Has there been a case to prove that the private service provider Serco has fallen down on the job and that patients have been getting second-rate treatment? Certainly not from recent anecdotal evidence, which has generally been favourable.

That is apart from the teething problems when the hospital was commissioned. And a consistent source of the complaints at that time was the United Workers Union, which would have much preferred its members to be employed in the public sector, where it has a greater sway in influencing a Labor government, than by a private company.

And which union is the major beneficiary of this decision? United Workers Union, of course, the union on which many Labor MPs, including senior ministers, rely for continued endorsement in their safe seats. Its secretary, Carolyn Smith, is state Labor president.

The move comes after three years of households being forced to tighten their belts to pay steep increases in power and water charges. These were blamed on the debt from the Barnett government years (2008-17). Now the first concession is to convert private sector jobs to the public sector, not to save taxpayers’ money but with an acknowledgment that it will cost them more.

What was the government thinking?

The decision sends a number of confused messages. The state’s government hospital system is a mix of private and public sector operations. The private involvement is linked with previous Liberal governments, which believed taxpayers would get better value for money without compromising patient safety.

Do Mr McGowan and Health Minister Roger Cook, with union encouragement, now intend to start returning other services privatised under the Liberals to the public sector? Where does this leave the new Midland Hospital, operated for the government by St John of God Health Care, for example?

There is also the question of productivity. The decision effectively concedes that it will cost millions of dollars more to get the same amount of work done, simply because hospital workers will have a different employer. No explanation, but presumably lower productivity (a tacit admission that the public sector is less efficient).

It’s a far cry from the emphasis on productivity under the leadership of successive Labor prime ministers, Bob Hawke and Paul Keating through the Council of Australian Governments. Thanks to their initiatives the states were handsomely financially rewarded if they improved the efficiency of their operations.

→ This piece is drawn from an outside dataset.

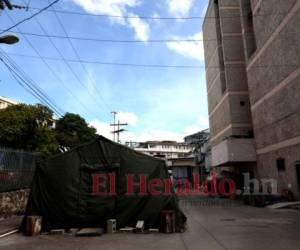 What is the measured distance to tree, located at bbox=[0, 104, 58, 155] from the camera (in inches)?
1099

State-run enterprises have steadily been wound back over the years. For example the Burke Labor government disbanded the State Engineering Works, which made Australia II’s winged keel for Alan Bond’s successful America’s Cup challenge in 1983, in North Fremantle, and the Court coalition government axed the Midland Railway Workshops, which had trained thousands of tradesmen, in 1994.

The rationale was that these activities, established by the state for good reason at the time, were now better handled in the private sector.

Labor’s pre-election mantra in 2017 was ‘Jobs, Jobs, Jobs’. This latest decision, by the premier’s own admission, will cost $20.9 million in the first year alone and create not one new job. Given the uncertainty of the threatened health crisis thanks to COVID-19, the government would have been better advised to hold off in case the extra money was needed for a health emergency when the winter flu season hits.

The government’s announcement said: “The policy honours the WA Labor election commitment to return privatised services into public hands, where possible and economically beneficial to do so.”

“Economically beneficial?” It fails the first test. How can it be beneficial if it doesn’t create one extra job and actually costs more?

Western Australia’s economy isn’t on life support but parts, such as the labour-intensive retail sector, are close. Taxpayers want their money used wisely, not splashed on ideological frolics.